Comments of Representative Berman on introduction of the Patent Act of 2005 (HR 2795)
Last Wednesday, on introduction of the Patent Act of 2005 (HR 2795), Congressman Berman made comments on behalf of the original sponsors of the bill. View and/or download a .pdf of the comments here. I will update the PTP Patent Reform Library to include this document.
Here’s a few quick takeaways from the comments:
1. At times, Representative Berman seems to be bending over backwards to make it clear that the bill is simply a starting point while also stressing a need for relatively quick action on the issue.
“We acknowledge that the problems are difficult and, as yet, without agreed-upon solutions. It is clear, however, that introduction of this legislation will focus and advance the discussion….With or without consensus, Congress must act soon to address these problems.”
2. The comments, taken alone, would have you believe that the post-grant review system is a “go” at this point.
“I am pleased that, finally, at least a consensus has emerged among the various collaborators in support of the basic “post grant opposition” approach embodied in the legislation.”
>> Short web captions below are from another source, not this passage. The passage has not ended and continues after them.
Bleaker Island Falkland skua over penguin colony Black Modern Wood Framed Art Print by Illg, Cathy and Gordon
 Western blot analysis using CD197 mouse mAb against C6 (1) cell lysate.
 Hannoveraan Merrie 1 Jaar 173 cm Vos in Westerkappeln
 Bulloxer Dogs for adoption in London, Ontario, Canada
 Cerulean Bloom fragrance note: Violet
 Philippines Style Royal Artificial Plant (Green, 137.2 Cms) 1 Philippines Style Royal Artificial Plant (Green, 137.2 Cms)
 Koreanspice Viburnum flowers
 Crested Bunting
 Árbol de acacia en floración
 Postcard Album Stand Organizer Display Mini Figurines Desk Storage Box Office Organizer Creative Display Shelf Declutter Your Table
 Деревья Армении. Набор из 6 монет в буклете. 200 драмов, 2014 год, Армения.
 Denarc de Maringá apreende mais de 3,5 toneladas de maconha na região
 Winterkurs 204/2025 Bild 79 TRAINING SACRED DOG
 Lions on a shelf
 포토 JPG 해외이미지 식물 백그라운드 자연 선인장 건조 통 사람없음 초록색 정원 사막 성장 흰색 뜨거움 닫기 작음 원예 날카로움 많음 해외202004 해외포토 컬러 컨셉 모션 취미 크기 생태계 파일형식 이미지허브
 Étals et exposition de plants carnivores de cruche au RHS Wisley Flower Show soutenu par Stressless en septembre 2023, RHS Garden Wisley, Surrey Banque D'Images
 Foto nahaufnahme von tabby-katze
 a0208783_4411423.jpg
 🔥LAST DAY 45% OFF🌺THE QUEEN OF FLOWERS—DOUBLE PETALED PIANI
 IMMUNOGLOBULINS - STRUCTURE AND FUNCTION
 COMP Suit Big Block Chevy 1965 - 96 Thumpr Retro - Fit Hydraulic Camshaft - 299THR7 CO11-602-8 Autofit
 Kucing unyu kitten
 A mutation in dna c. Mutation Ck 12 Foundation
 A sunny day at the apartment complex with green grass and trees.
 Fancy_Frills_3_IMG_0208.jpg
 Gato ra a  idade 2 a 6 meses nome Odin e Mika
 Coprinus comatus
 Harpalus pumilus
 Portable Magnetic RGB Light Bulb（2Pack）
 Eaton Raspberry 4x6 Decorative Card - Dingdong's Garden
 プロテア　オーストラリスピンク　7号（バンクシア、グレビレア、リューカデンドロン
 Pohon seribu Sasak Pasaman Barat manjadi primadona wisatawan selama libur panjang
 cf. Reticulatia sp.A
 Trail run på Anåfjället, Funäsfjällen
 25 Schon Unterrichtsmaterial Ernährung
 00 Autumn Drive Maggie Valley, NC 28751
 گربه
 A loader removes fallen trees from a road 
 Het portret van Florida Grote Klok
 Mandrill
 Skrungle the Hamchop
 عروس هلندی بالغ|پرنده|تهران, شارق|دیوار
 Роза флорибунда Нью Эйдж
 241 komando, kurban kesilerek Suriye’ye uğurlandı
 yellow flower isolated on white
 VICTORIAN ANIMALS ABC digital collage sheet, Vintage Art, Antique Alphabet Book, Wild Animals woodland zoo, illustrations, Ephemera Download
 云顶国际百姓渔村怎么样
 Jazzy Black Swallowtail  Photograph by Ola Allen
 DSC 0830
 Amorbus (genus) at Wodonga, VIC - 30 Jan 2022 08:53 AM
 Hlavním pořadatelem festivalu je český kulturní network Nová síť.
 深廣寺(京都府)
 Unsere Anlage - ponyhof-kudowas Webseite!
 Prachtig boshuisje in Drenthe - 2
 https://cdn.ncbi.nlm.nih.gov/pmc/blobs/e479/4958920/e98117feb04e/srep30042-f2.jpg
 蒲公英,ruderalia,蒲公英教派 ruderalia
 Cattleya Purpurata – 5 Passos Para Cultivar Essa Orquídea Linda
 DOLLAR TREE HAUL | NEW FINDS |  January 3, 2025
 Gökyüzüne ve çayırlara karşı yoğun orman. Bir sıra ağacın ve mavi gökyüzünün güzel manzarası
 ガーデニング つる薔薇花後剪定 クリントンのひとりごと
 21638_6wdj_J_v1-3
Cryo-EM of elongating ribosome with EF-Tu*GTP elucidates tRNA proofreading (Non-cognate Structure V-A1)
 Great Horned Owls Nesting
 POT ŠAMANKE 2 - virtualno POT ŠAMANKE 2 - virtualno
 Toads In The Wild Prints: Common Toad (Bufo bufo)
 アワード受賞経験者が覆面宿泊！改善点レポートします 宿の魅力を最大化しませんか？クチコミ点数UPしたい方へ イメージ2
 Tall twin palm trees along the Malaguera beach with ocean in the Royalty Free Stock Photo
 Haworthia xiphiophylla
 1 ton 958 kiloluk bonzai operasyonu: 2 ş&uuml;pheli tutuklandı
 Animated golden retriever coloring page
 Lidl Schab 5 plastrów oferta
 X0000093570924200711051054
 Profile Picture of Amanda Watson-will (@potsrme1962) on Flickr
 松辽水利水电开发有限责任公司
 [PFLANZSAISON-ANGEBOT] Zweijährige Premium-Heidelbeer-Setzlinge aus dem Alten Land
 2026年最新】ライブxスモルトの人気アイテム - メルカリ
It’s not quite that simple. The existence of the “second window” within which a review of an issued patent can be initiated has been a point of controversy at least since the early hearings by this Congress. This status was confirmed last week at the Conference on Patent Reform. Post grant review is hardly a settled matter.
3. The comments begin to lay out the intent of Congress behind the controversial injunctive relief provision (Section 7 of the bill).
“Section 7 is designed to address the negative effect on innovation created by patent “trolls.””
All comments made on this section of the bill relate to trolls. One problem, though. So far, no definition of “troll” has been offered and those that can be inferred from the language discussed to date are offensively broad.
The following comment may start to shed some light on the term, but can hardly be viewed as a definition.
“We have learned of countless situations in which patent holders, making no effort to commercialize their inventions, lurk in the shadows until another party has invested substantial resources in a business or product that may infringe on the unutilized invention. The patent troll then steps out of the shadows and demands that the alleged infringer pay a significant licensing fee to avoid an infringement suit.”
We might just need to decide on meanings for “lurk” and “the shadows” as well.